Sunday 9 February 2020

Brisket Done Briskly, The Country -- February 2020

If you watch American sitcoms for any length of time, one character will inevitably invite another over for dinner with the encouraging phrase “Ma’s making brisket!”. The response is always overwhelmingly enthusiastic, and with good reason; slow cooked brisket takes a lot of time and effort but the result is melt in the mouth deliciousness.

Brisket, which is slowly becoming more available in New Zealand, is the group of chest muscles from a beef animal. These muscles do a huge amount of work; they’re in constant movement and support some 60% of the animal’s weight. They are dense with connective tissue and laced with fat, all reasons why in this country the brisket is usually ground up for mince or turned into sausages.

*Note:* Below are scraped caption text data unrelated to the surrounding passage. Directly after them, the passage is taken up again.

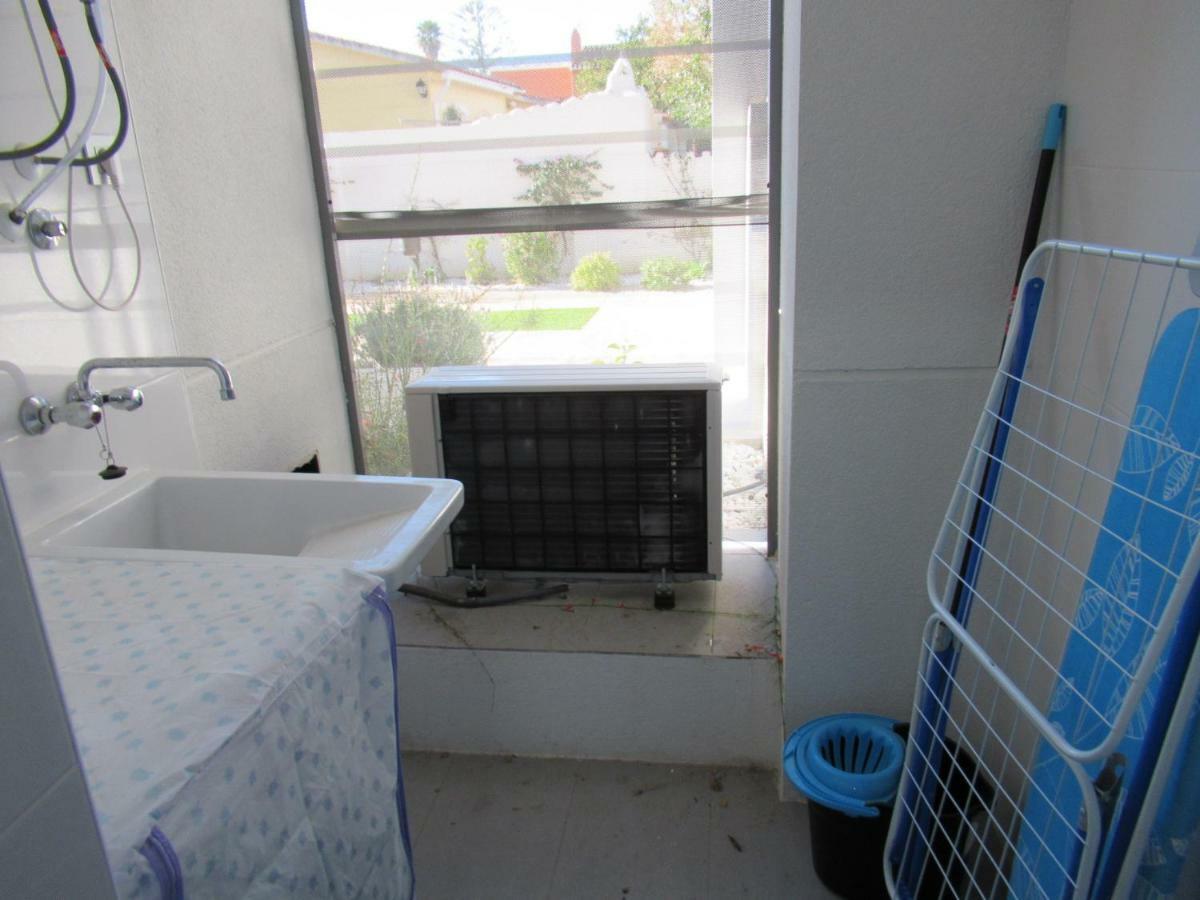 Carretera Les Marines 171B Apartment Denia Ngoại thất bức ảnh
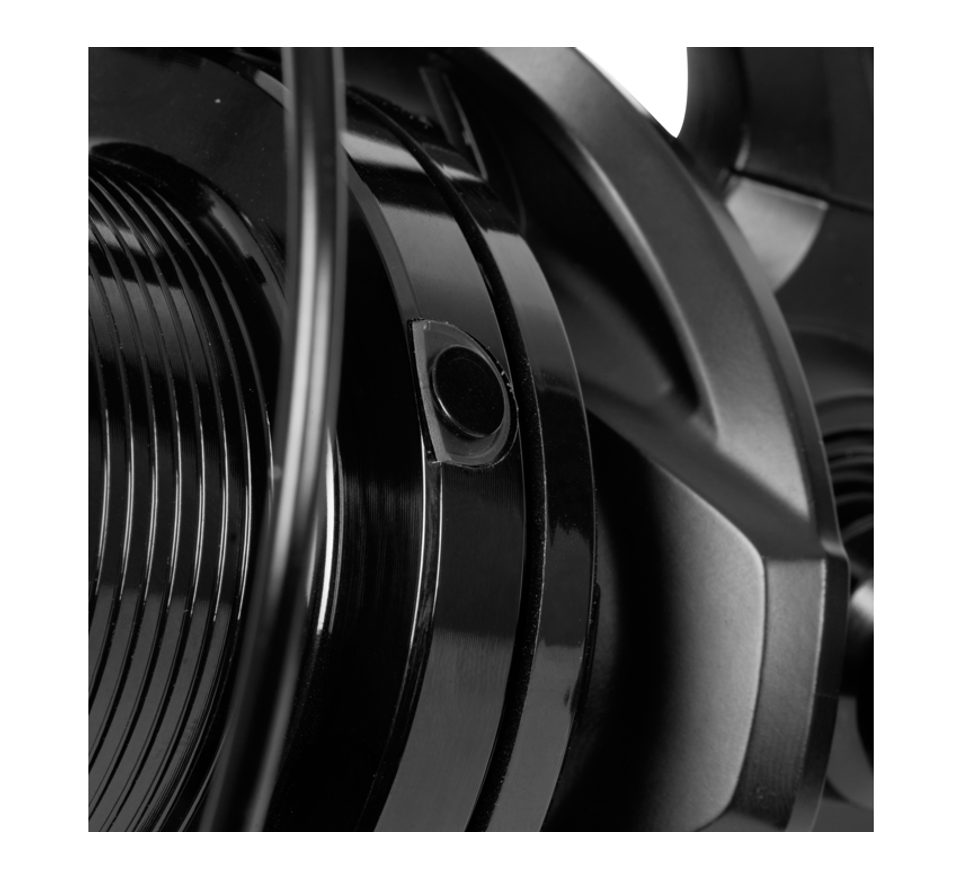 Avid Naviják Revolve 12000FS Reel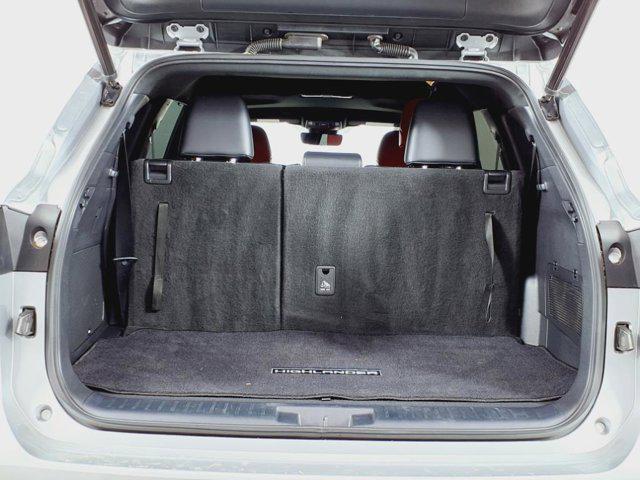 Photo of 2021  Toyota Highlander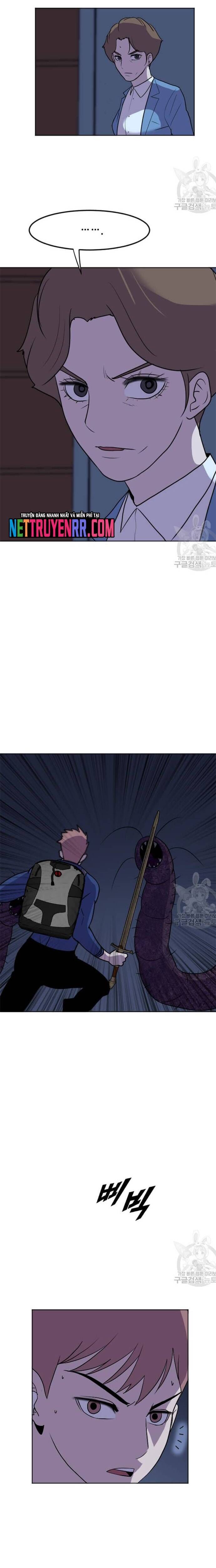 Tôi Nhặt Được Điện Thoại Từ Thế Giới Khác - Chapter 193 - Page 22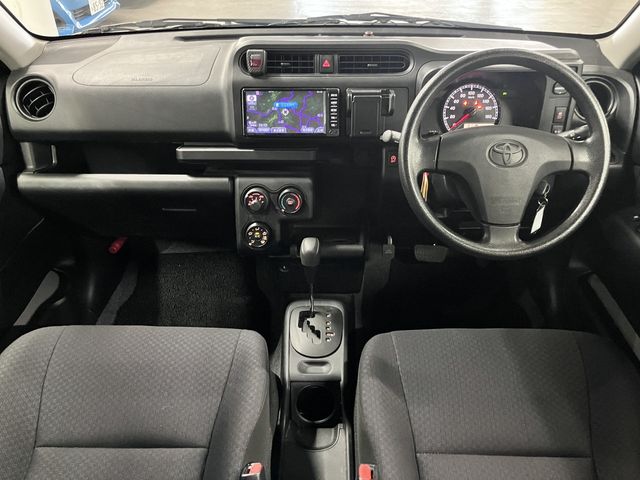 SUCCEED van 2WD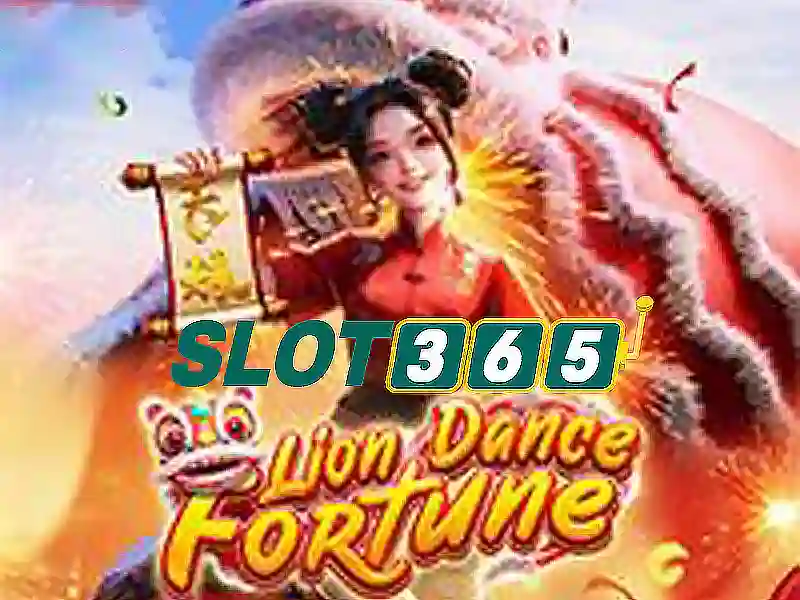 Slot365 - Trải nghiệm máy xè số đỉnh cao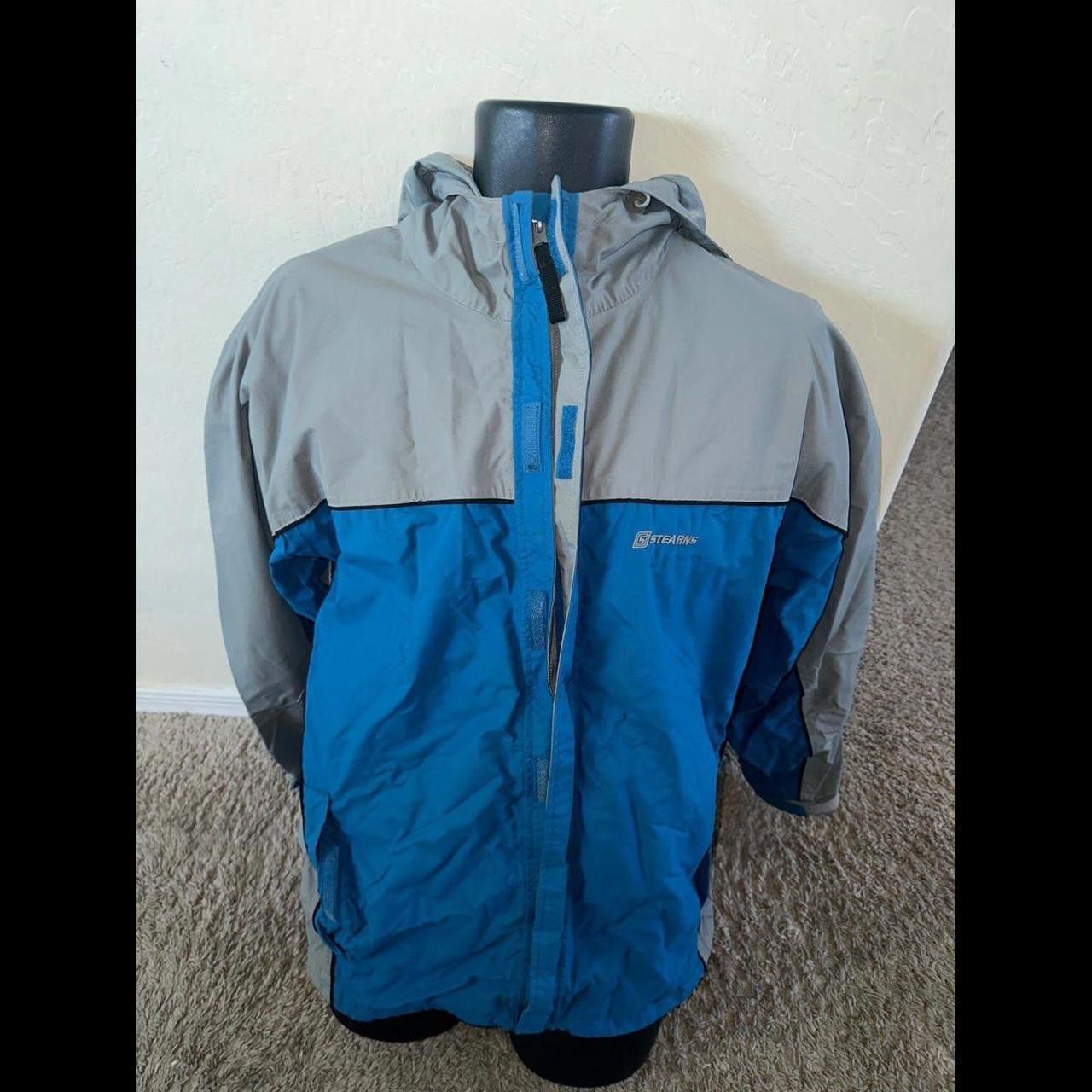Designer Mens Pre Own As Is 339d Size US L / EU 52-54 / 3 - 1 Thumbnail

When I was queueing to buy barbecue in Texas, and I did this as often as possible, I would listen to the people around me speak in hushed reverential tones about the brisket they were about to buy. The only quandary they had was how many pounds they could justify purchasing, and this often came down to storage space. Brisket isn’t a food in Texas, it’s a cult.

Blissfully ignorant about the amount of effort that goes into cooking these massive slabs of meat, I asked my butcher to source me some and he happily obliged. Did I mention how big a whole brisket is? When you’re buying it at a barbecue joint you see a portion getting sliced, so I was quite unprepared for the two foot long, 8 kilogram behemoth that was cheerfully delivered to my freezer. The smoker I use is a home built affair made out of a 44-gallon drum and the brisket was so large it covered the whole cooking rack.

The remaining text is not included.